Steve Jobs was a genius who changed our world. It is unreasonable to argue with that. How did he change it? Simply: both the economists and essayists have agreed in these days of national mourning that his most ingenious idea was that people should not be sold what they need, but be convinced that they need what you’re selling. The entire corporate economy fits that sentence: we know what you need.

However, how did Jobs know this? He didn’t. He merely convinced the buyers of his inventive, fun and magnificently useless gadgets that they are different from others, and that they are exactly the ones who will not be persuaded. Think different! is Apple’s famous credo from the time when the orange iMac still had something to be different from, and rebellious against. In a finally globalised world the whole thing will turn out to be an ingenious scam: when the Che Guevara of the corporate era realized that people did not want freedom, but were instead merely widening the expanse of need, he first convinced them that they needed to be free of that need, and then he sold it to them for 499,90 dollars.

And so, Steve Jobs has departed, without living to see his dream realised, namely, that in the end, everyone will have an iPod and iPad, and nobody will remain the same as everyone else, and everyone will be different.

Photo: EPA

The twist is fun in Apple style, and is reminiscent of that phenomenal scene in the cult Monty Python film, The Life of Brian, when the unintended prophet tries to convince his followers from the window of his family home that he is not the Messiah and that they all need to think with their own heads. “That’s right!” cheered the delighted crowd. “You’re all different”, yelled Brian helplessly. A timid, lonely voice spoke up from the crowd, “I’m not!”

One such story, but no longer orange and fun in Apple style, or seriously funny in Monty-Python style, was published that same day in the same papers, with the ascetic figure of Steve Jobs on the commemorative front page. The story is of 12 year-old Marina, pupil of the sixth form in one Zagreb primary school, who goes through hell and throws up every morning when she goes to school, just because her parents are poor and she doesn’t have an iPhone.

“I can’t take it anymore. Everyone hurls abuse at me. The entire class. When the school holidays ended and I remembered that I had to go back to school, I felt literally sick”, says Marina through her tears. “The main reason is that mum and dad are poor, that I don’t have Nike tennis shoes, nor Diesel jeans, nor an iPhone.”

In a wonderful twist of events, which the blasé apostles of Welch’s business seminars in the Lisinski Centre would die and give their iPhones for, all the other 28 pupils from Marina’s class do have the branded tennis shoes and jeans, and equally metaphorically and not metaphorically at all, they all have an iPhone or iPod, “they’re all different”, with the white wires hanging from their ears. Only Marina isn’t. She is the same as everyone else, she wears jeans bought from the smugglers on the market and has an ancient mobile phone. In class, however, she’s the last one like that, the same, that is. All the other 28 pupils are different. They have Nike tennis shoes, Diesel jeans and an iPhone.

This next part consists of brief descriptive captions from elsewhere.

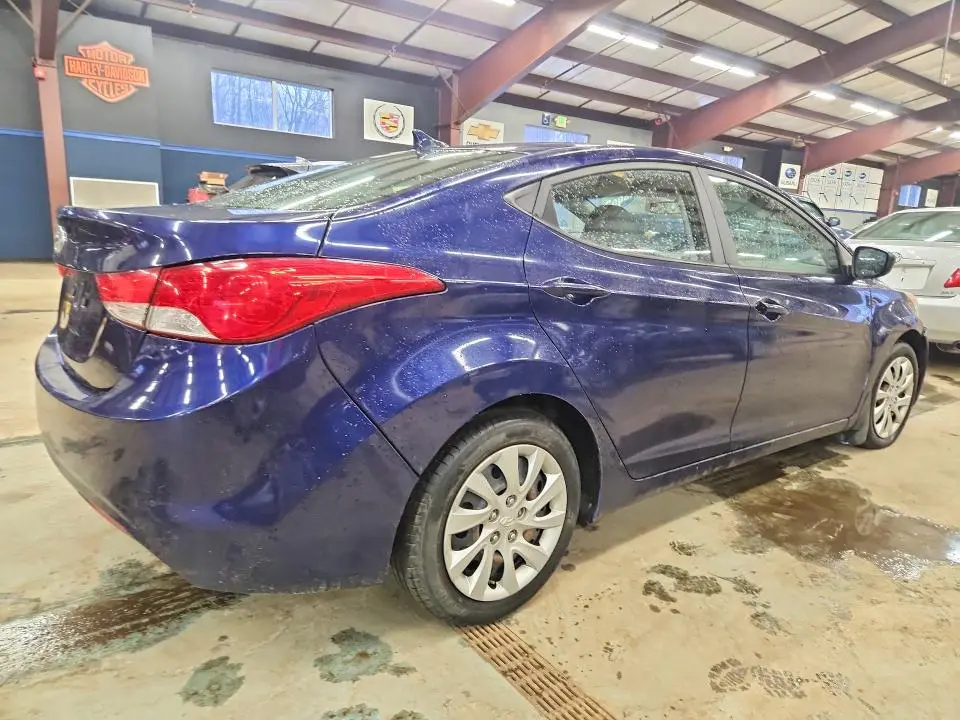 2011 HYUNDAI ELANTRA GLS  
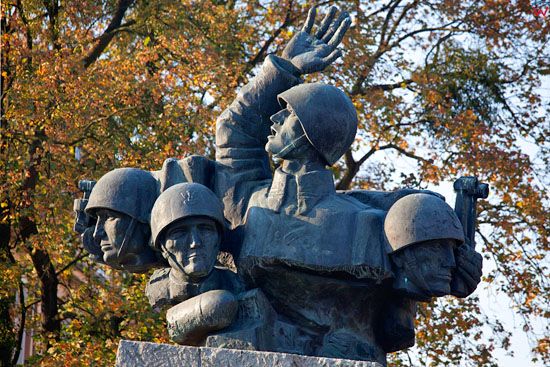 EU, PL, Kujawsko - Pomorskie. Pomnik Artylerii Polskiej w Toruniu.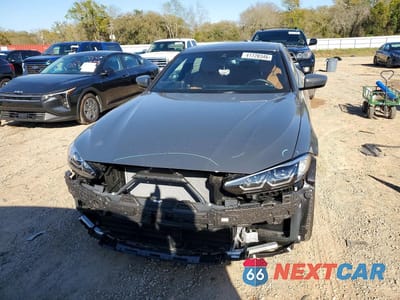 Piąte zdjęcie samochodu w środku: 2024 BMW I4 EDRIVE 35 VIN:WBY43AW07RFT11567 - miniatura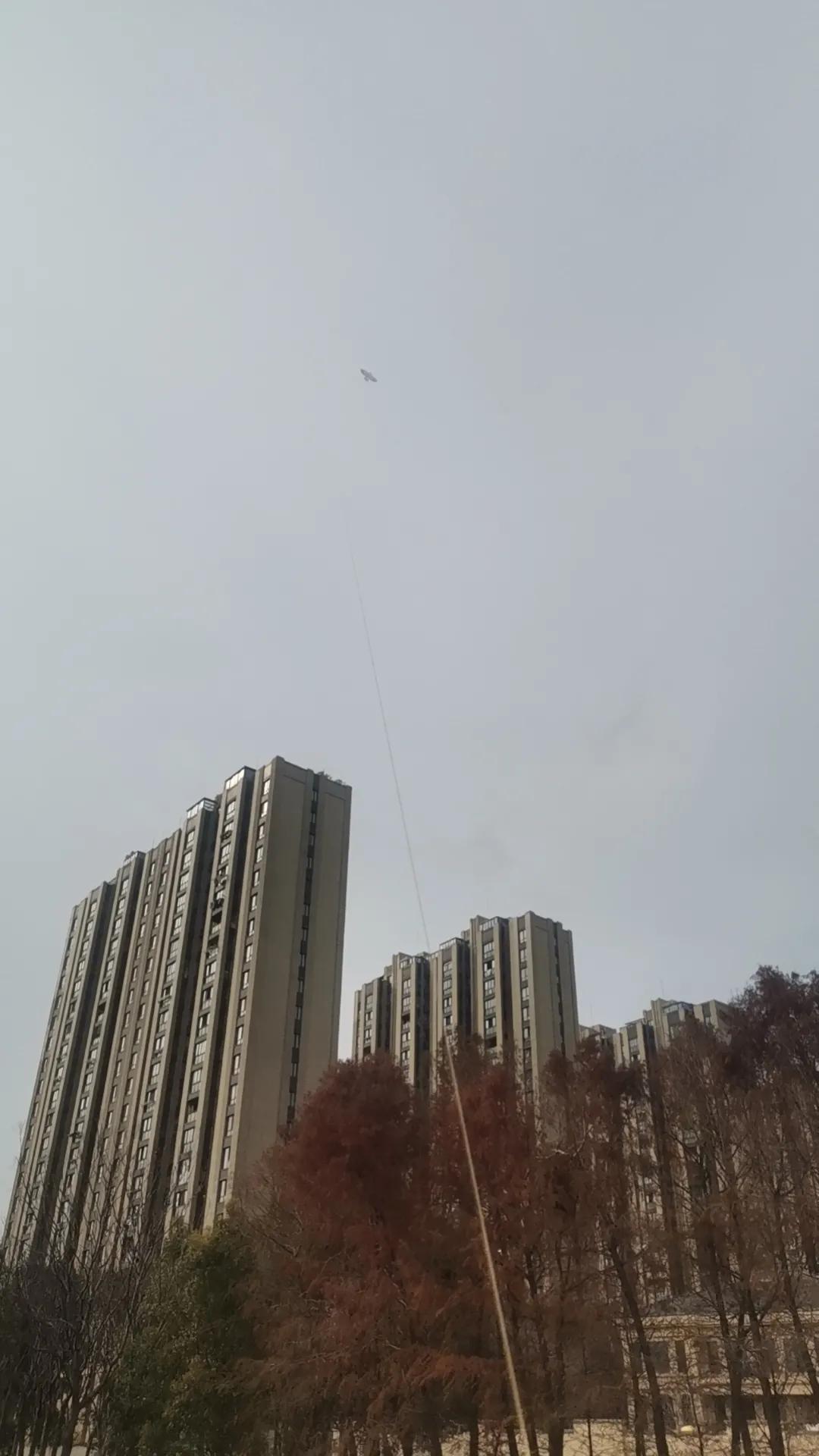 这个故事确实是真的，我在老家有两套房子，因为我们家已经定居杭州，所以老家的房子就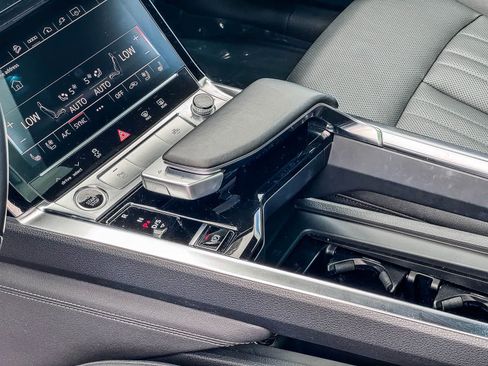 Certified 2023 Audi e-tron Premium Plus w/ Premium Plus Package AWD/4WD image 24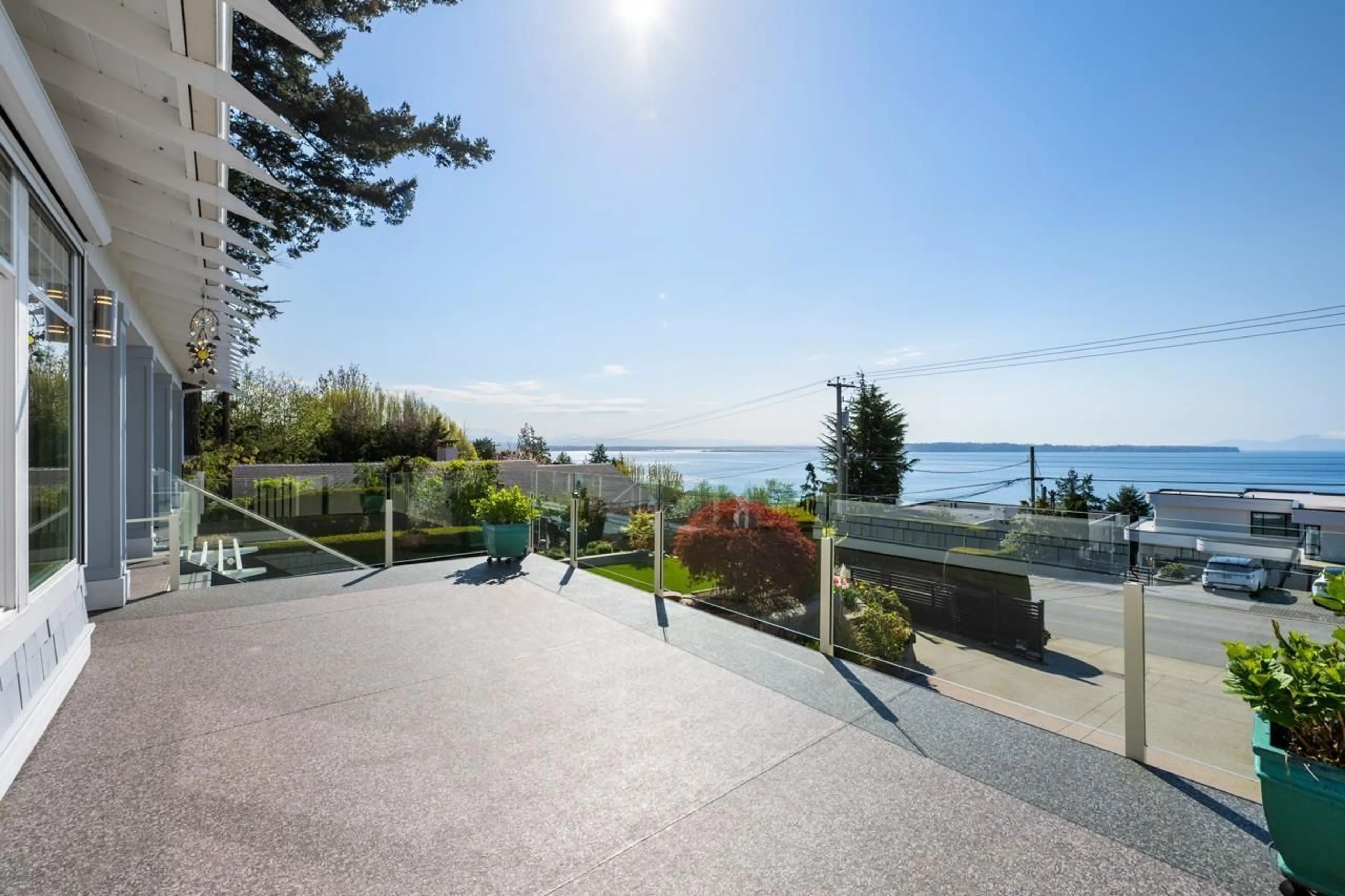 Patio, water/lake/river/ocean view for 14213 MARINE, White Rock British Columbia V4B1A9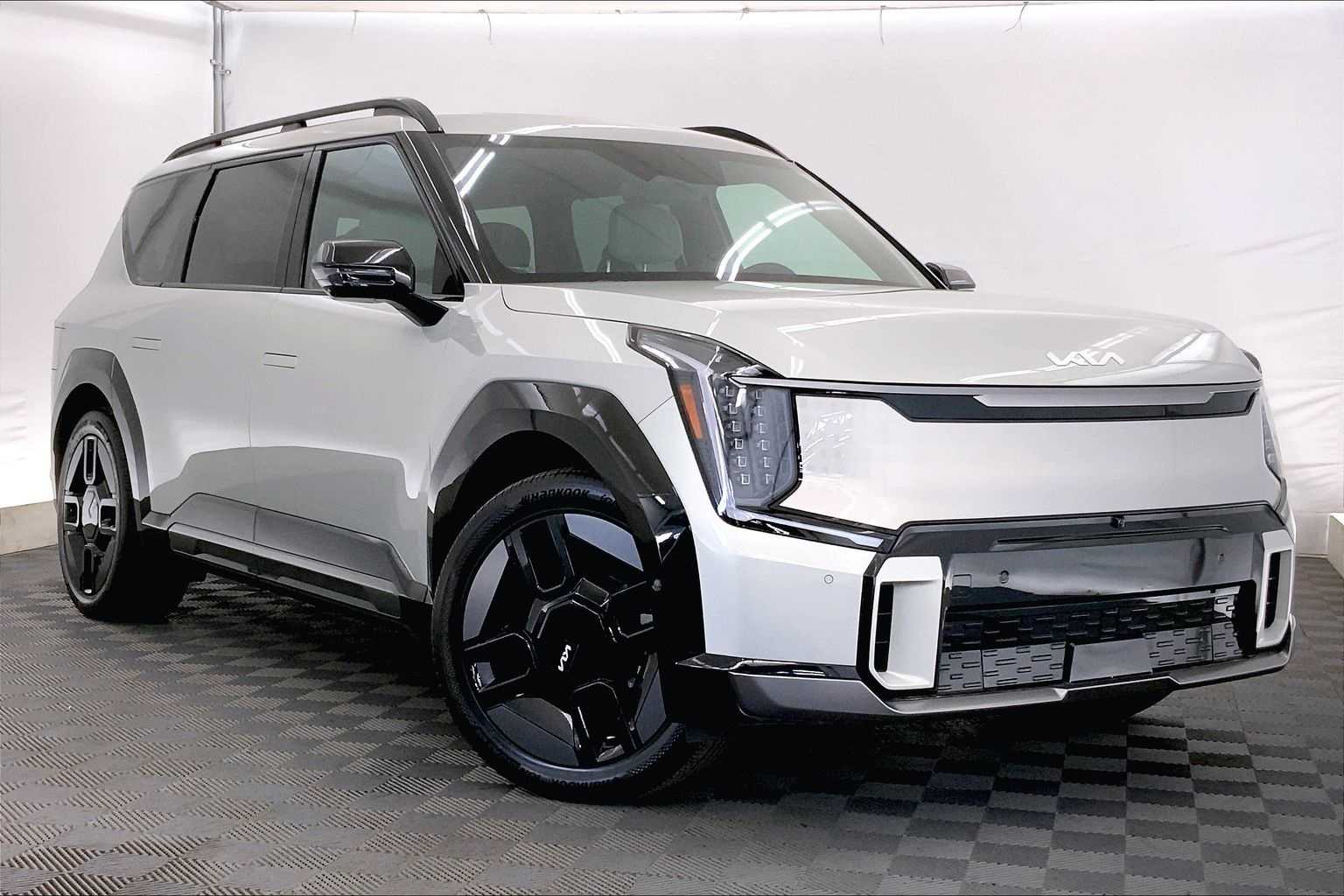 Thumbnail: 2024 Kia EV9 - 21
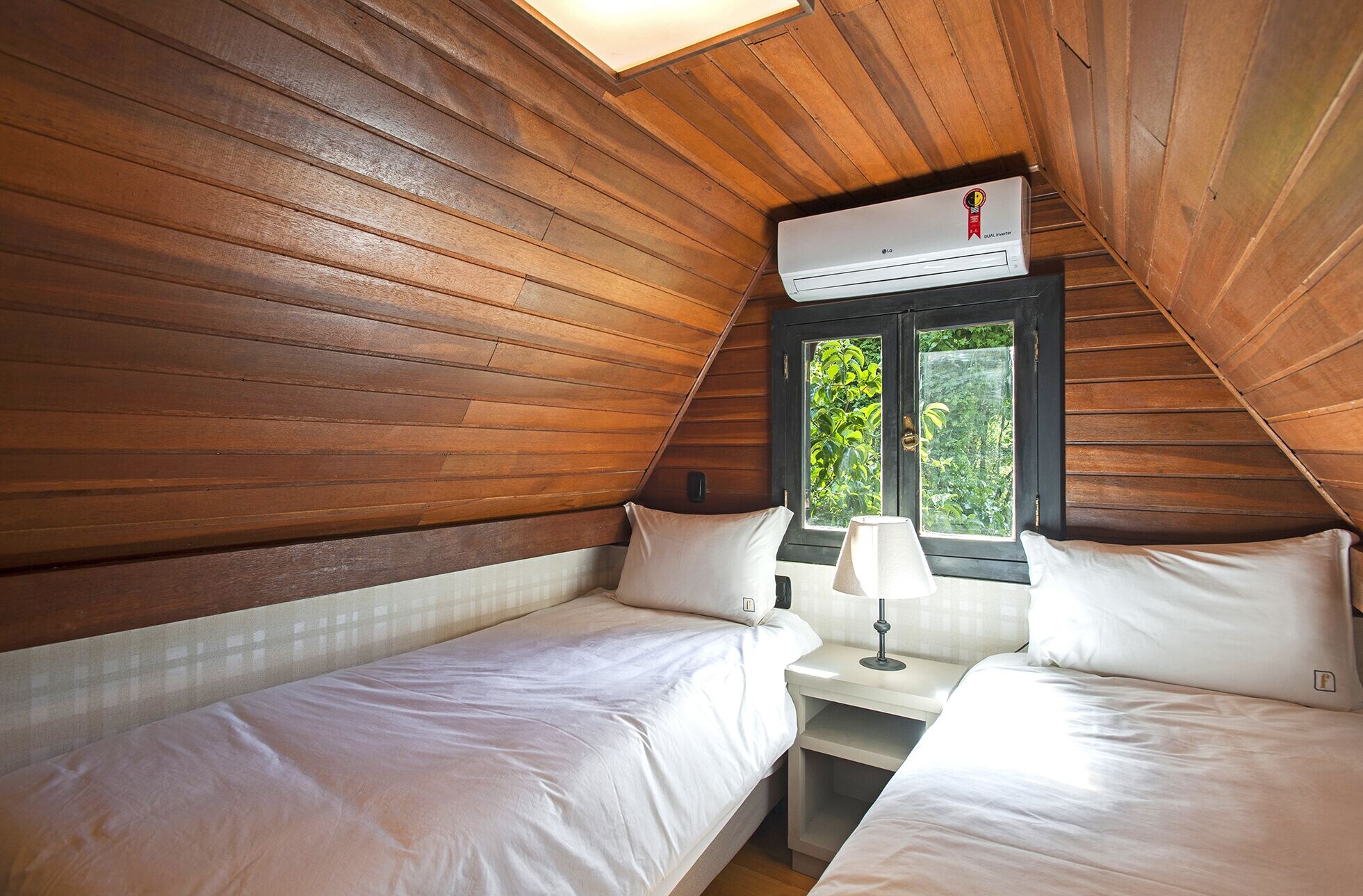 FAMILY, CHALET, BATHTUB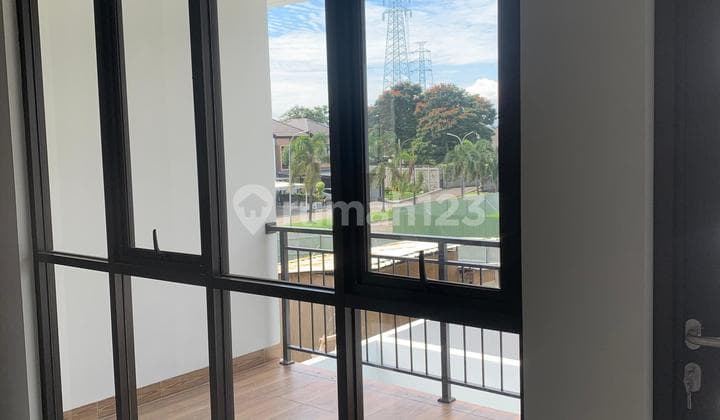 Dijual Rumah Minimalis Modern 3 menit ke Pintu Tol Buah Batu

“Think different”, exclaims the Prophet from the lectern at Stanford. “Yes, we will”, reply 28 pupils and their parents in unison. “You’re all different”, he continues. “Yes, we are!” reply the pupils as one.

“I’m not”, says little Marina timidly from among them.

So, were it not for the Great Corporation, neither Marina nor her parents, tragically out of step with this exciting new age, would know what they really need. And were the Prophet alive, little Marina would be the ideal star of the new iPhone 4S campaign, a 30-second film with a happy ending. Never doubt that genius! Think different, be different. Don’t lag behind the times, and don’t remain the last one to be the same.